Grace Bay isn't the only extraordinary beach on Provo. So, we rented a scooter to explore the island further. Riding along the back roads, with little traffic and the hot Caribbean breeze pressing against our skin, was a liberating experience. It took us both back to our youth, to days of riding scooters through the streets of Italy and India. Although this time we were wearing helmets.

Our first stop was Long Bay Beach. "It's a win-win," Larry Dworetsky of Paradise Scooters told us while giving us his very own "unguided guided tour" of the island. "If there's wind, the kite surfers are out, and you can watch them jump 30 feet in the air. If there's no wind, that's the most beautiful beach here, and you have it all to yourselves."

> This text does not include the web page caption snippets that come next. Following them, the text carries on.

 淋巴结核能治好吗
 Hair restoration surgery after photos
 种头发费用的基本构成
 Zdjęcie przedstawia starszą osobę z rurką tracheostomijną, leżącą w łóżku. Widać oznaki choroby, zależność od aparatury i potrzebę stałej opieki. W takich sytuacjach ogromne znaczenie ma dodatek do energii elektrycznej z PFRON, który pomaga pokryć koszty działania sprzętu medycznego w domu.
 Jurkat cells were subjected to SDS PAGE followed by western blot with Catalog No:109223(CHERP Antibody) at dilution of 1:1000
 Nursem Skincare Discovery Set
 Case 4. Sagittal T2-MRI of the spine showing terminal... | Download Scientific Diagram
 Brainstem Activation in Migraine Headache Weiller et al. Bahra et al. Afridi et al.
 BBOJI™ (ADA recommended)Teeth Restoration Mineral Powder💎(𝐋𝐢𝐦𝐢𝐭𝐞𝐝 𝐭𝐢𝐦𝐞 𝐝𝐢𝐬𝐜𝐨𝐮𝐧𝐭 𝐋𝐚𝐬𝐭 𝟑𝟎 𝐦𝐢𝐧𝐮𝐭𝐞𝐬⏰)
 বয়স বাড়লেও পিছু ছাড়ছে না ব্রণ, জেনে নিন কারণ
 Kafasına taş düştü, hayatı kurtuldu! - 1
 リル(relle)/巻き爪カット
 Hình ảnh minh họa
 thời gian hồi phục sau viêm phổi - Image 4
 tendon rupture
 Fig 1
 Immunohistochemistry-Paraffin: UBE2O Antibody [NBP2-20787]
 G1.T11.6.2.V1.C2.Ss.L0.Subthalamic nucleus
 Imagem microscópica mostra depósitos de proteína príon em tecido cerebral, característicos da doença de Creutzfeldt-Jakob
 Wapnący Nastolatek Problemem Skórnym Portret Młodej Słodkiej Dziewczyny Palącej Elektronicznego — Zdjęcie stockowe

We were lucky enough to have a bit of both: The wind was blowing, and a couple of kite surfers filled the sky with their acrobatics, but there was barely anyone else around.

Five Cays Beach has the same white sand and turquoise water as every place on Providenciales, but it's more of a food and entertainment destination. The main feature is Bugaloo's, a beach shack that everybody raves about. We went, sat with our feet buried in the sand, and drank rum punch to the sound of live music.

"You guys are great," the lead singer of the Island Boys, a Bob Marley cover band, shouted to the crowd of tourists and locals. "Just as good as the weather!"

We also had our first taste of conch, a large sea snail that's TCI's premier food group. Bugaloo's spicy fritters are not to be missed.

Provo, with its shimmering beaches and waters and its abundant seafood, went a long way toward fulfilling our need for tranquillity. But we wanted to see whether we could get even farther from civilization.

North Caicos and Middle Caicos are the two largest islands. With a combined population of about 2,500, they're also a vast expanse of lush and partially impenetrable vegetation. Calling them quaint and slow-paced would be an understatement.

Take the village of Kew, on North Caicos. Kew is so small and unassuming that we rode through it twice before realizing that was it.

Driving down the only two-lane highway in our beat-up rental car, we stopped at a number of beaches, where we were the only two people in sight. It was an exhilarating feeling that I'd never experienced.

Mudjin Harbour, on Middle Caicos, is one of the better-known beaches, and a highlight. It comprises a sequence of coves carved into the coastline and hidden from view by imposing limestone cliffs. But even more exquisite was Three Marys Cays Beach in the northwestern corner of North Caicos. It's barely marked on the map, and there are no signs to guide travelers.

Sparsely inhabited and still somewhat wild, North Caicos and Middle Caicos are lands of truly outsize fantasies, where we allowed ourselves to dream of buying a shack on the beach and retiring to write to the sound of crashing waves.